▶ [About this task]: If a record holds a picture, omit that picture and copy everything else exactly.

▶ [Records supplied]:

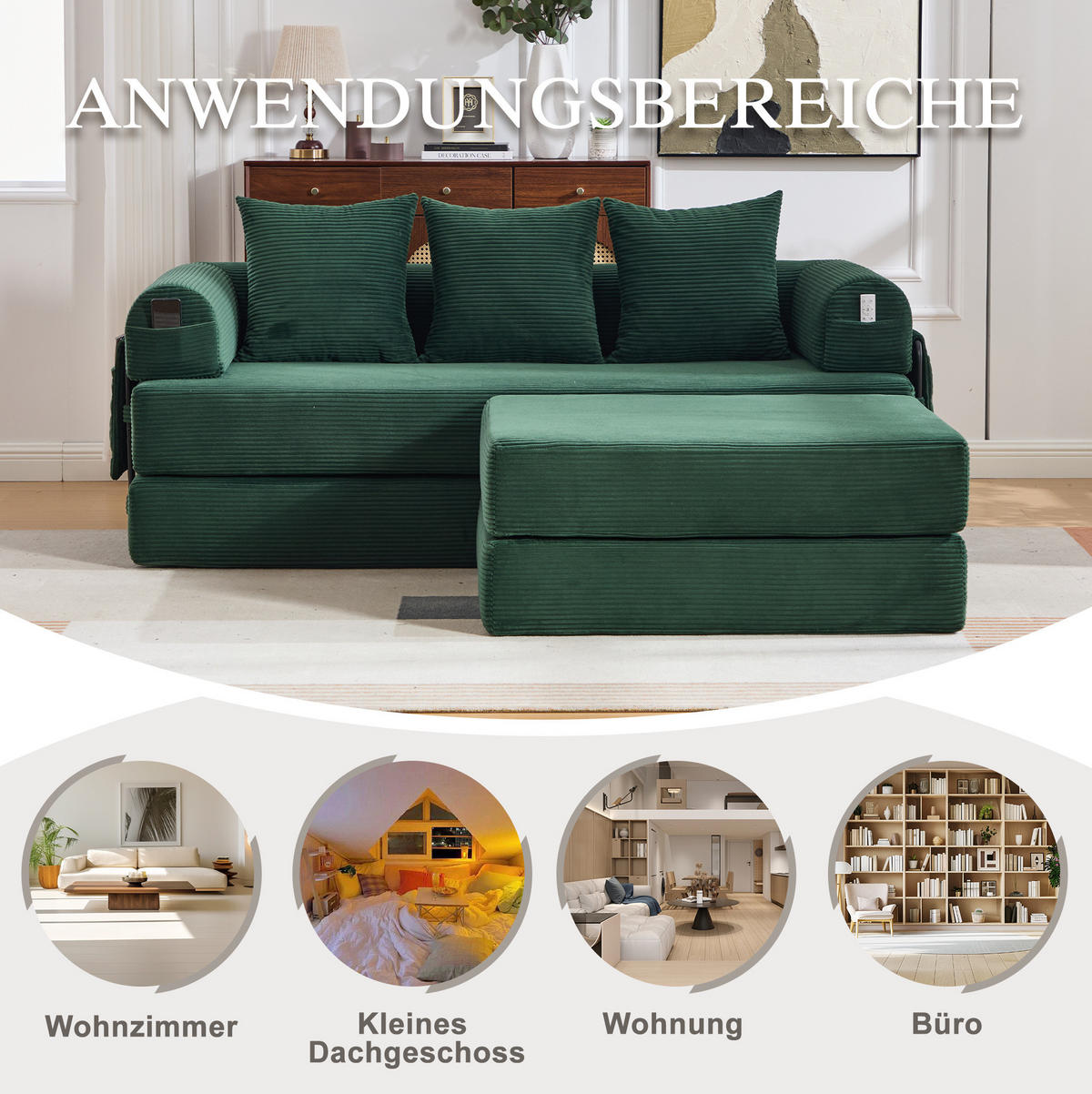 MODULARES Sofa 200/190/67 cm aus Cord mit Hocker und Seitentasche Smaragdgrün - Smaragdgrün, Textil (190/67/200cm) - Modenvie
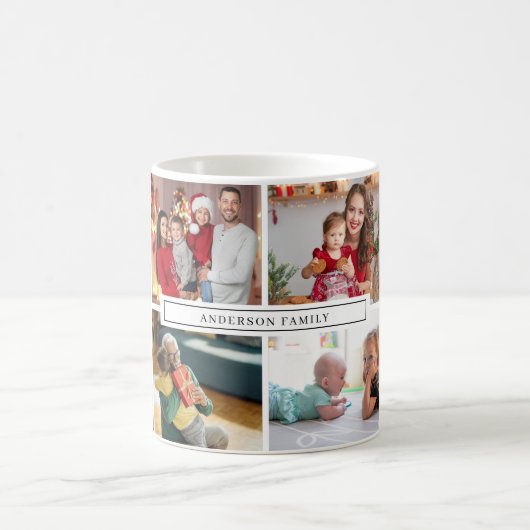 Photo Collage Family Name Modern Koffiemok (Center)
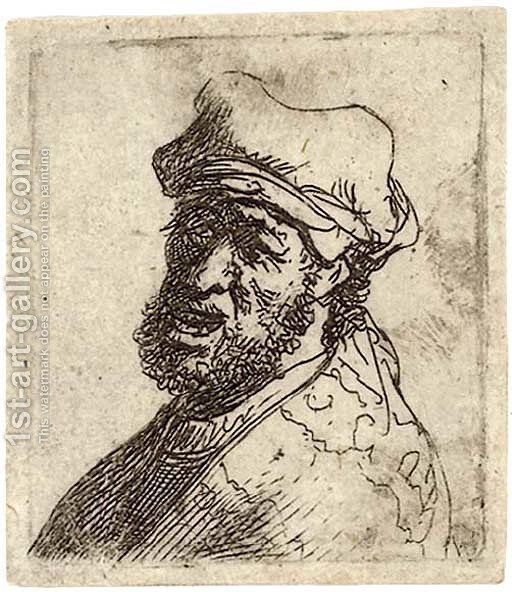 512x592 Man Crying Out, Three Quarters Left Bust Rembrandt Reproduction - Man Crying Painting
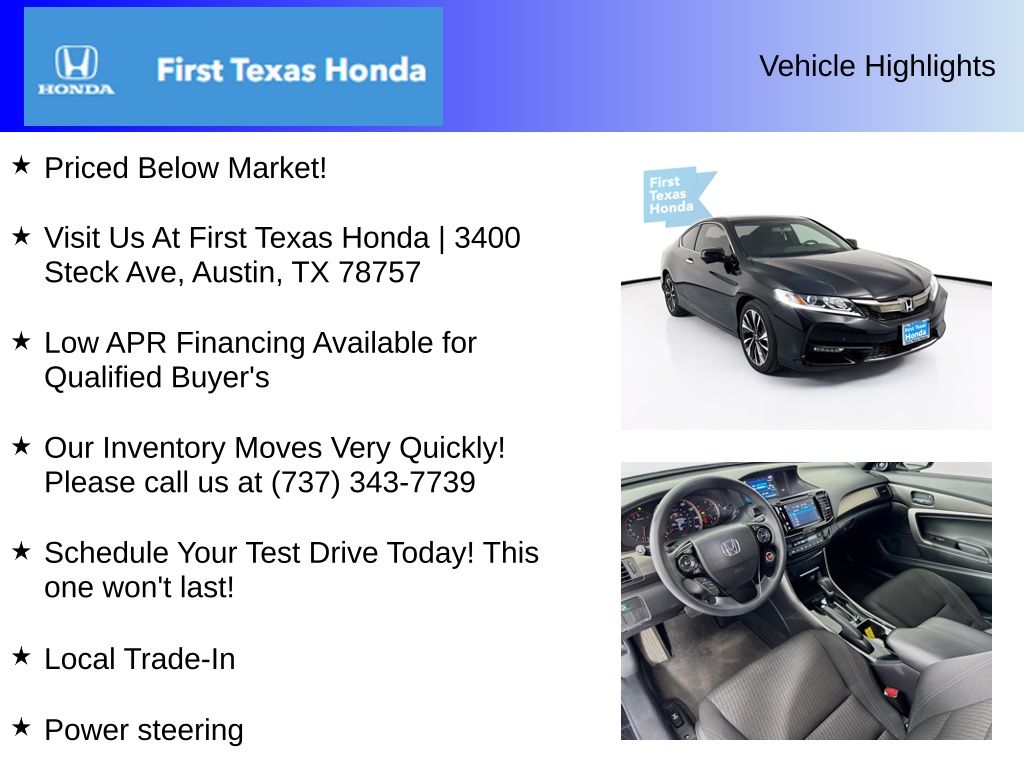 Used Car 2017 Honda Accord  Ex For Sale Under $20,000 In Austin, Texas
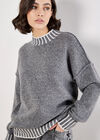 Stripe Trim Mock Neck Oversized Jumper, Dark Grey - Charcoal, large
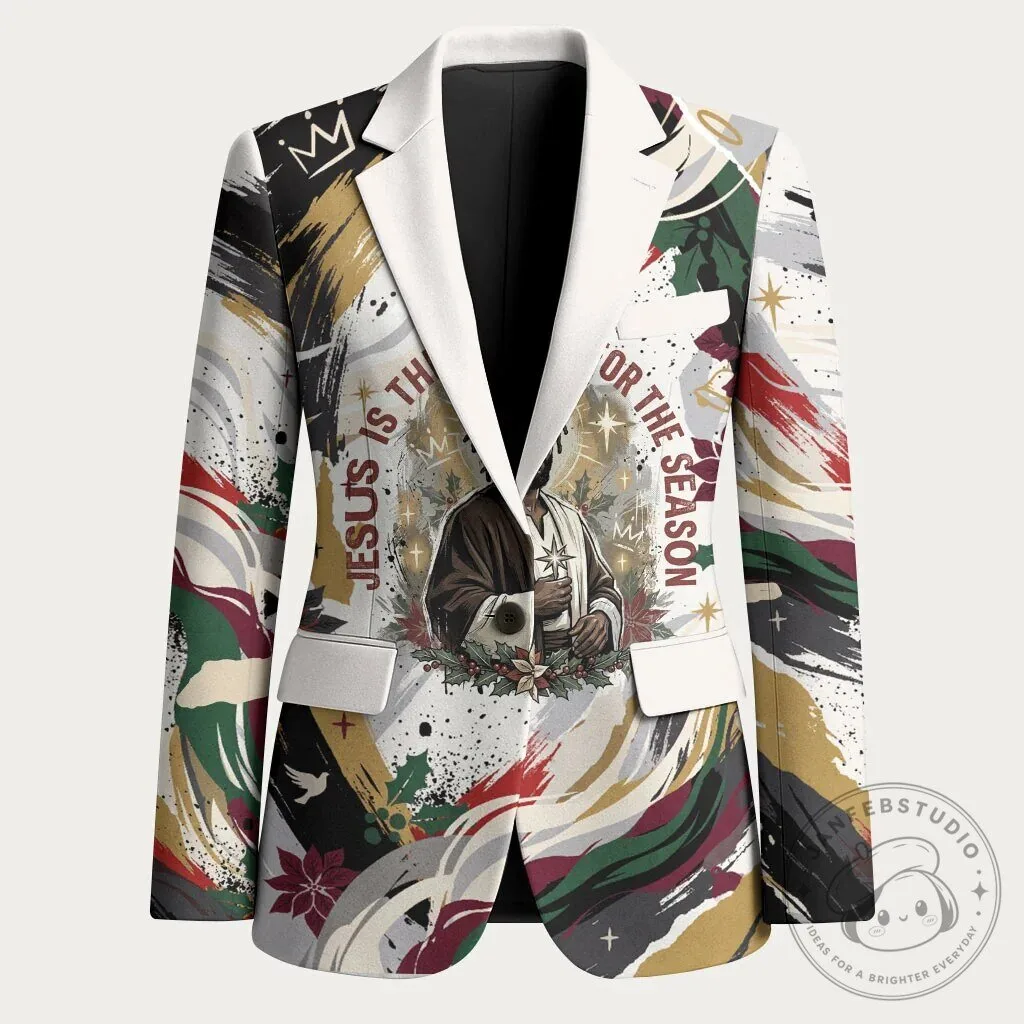 King Jesus Is The Reason For The Season Christian Christmas Blazer Jacket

▶ [Solution to this exercise]:
 MODULARES Sofa 200/190/67 cm aus Cord mit Hocker und Seitentasche Smaragdgrün - Smaragdgrün, Textil (190/67/200cm) - Modenvie
 Photo Collage Family Name Modern Koffiemok (Center)
 512x592 Man Crying Out, Three Quarters Left Bust Rembrandt Reproduction - Man Crying Painting
 Used Car 2017 Honda Accord  Ex For Sale Under $20,000 In Austin, Texas
 Stripe Trim Mock Neck Oversized Jumper, Dark Grey - Charcoal, large
 King Jesus Is The Reason For The Season Christian Christmas Blazer Jacket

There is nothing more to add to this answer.